California protects employee working conditions in the state through a broad set of laws, rules and regulations. California employers must pay their employees a minimum hourly wage and one-and-a-half times the minimum wage for overtime work of more than 8 hours in a day or more than 40 hours in a workweek.
Certain exceptions apply to California’s overtime pay rules, however. One important exception is for employees who are paid a commission. This exception is spelled out in two different wage orders issued by the Industrial Welfare Commission. Wage Order No. 4 (which applies to professional, technical and officer employees in certain industries) and Wage Order No. 7 (which applies to retail employees) exempt commissioned employees from the overtime rules when two conditions are met:
- an employee’s earnings must exceed one-and-a-half times the minimum wage; and
- more than half of the employee’s earnings must come from commissions.
The California Supreme Court recently issued a decision interpreting this exception in a limited fashion favorable to employees. In Peabody v. Time Warner Cable, Inc., Peabody filed a class action lawsuit against Time Warner claiming violations of California’s overtime pay law. Peabody had been employed by Time Warner as an account executive and was responsible for selling advertising time on Time Warner’s cable channels. She and the other account executives were paid a base salary of $20,000 per year, plus commissions on advertising time sold. Under Time Warner’s policy, commissions were earned only after (1) the customer ordered the advertisement to run on one of Time Warner’s cable channels; (2) the advertisement ran; and (3) the customer paid for the advertisement.
For a 40-hour work week, the $20,000 base pay resulted in an hourly wage of $9.61 and bi-weekly pay of $769.23. Peabody claimed, and Time Warner did not dispute, that in most weeks, she worked 45 or more hours, but was not paid overtime. Time Warner claimed that Peabody and the other account executives were exempt from overtime under the commissioned-employee exemption.
The dispute turned on the method used by Time Warner to calculate and pay commissions. For example, when an account executive earned commissions in October, Time Warner would pay those commissions in one of the two semi-monthly paychecks in November. As a result, for many weeks in which Peabody worked overtime, she still received only her bi-weekly base pay of $769.23.
Time Warner argued that it should be allowed to “apportion” some of Peabody’s commissions over the month in which the commissions were earned, so that for the month, her pay exceeded $12 per hour, or one-and-a-half times the minimum wage.
The Court rejected Time Warner’s argument, on several grounds.
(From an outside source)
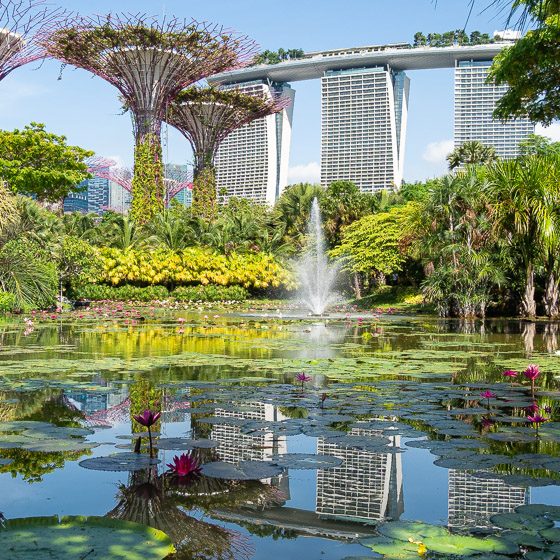 Gardens by the Bay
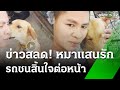 เจ้าของใจสลาย หมาแสนรักถูกรถชนตาย | 5 พ.ย. 67 | ห้องข่าวหัวเขียว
First, the Court held that if an employee earns commissions over the course of a month, she must be paid those commissions in the pay period they were earned. California mandates at least two pay periods each month. Thus, Time Warner’s practice of paying earned commissions the following month, and in only one of the two required semi-monthly paychecks, violated California law.
Second, the Court ruled that the commission exception to California’s overtime law only applied when an employee’s earnings in each pay period exceed one-and-a-half times the minimum wage. “An employer may not attribute wages paid in one pay period to a prior pay period to cure a shortfall,” wrote the Court. Indeed, the Court adopted the position urged by California’s Labor Commissioner that, for the commission exemption to apply, the employee must be paid at least one-and-a-half times the minimum wage for each work week.
The Court also noted that Time Warner’s practice didn’t comply with California’s pay-stub rules, which require employers to provide pay stubs that list the gross and net wages earned in the applicable pay period.
If you are paid fully or partially on commission, read your pay stubs carefully to ensure that you are receiving your commissions in the pay period in which they are earned. If you work more than 8 hours per day or 40 hours per week, you have the right to overtime pay unless the commission-employee exemption — as interpreted by the California Supreme Court — applies.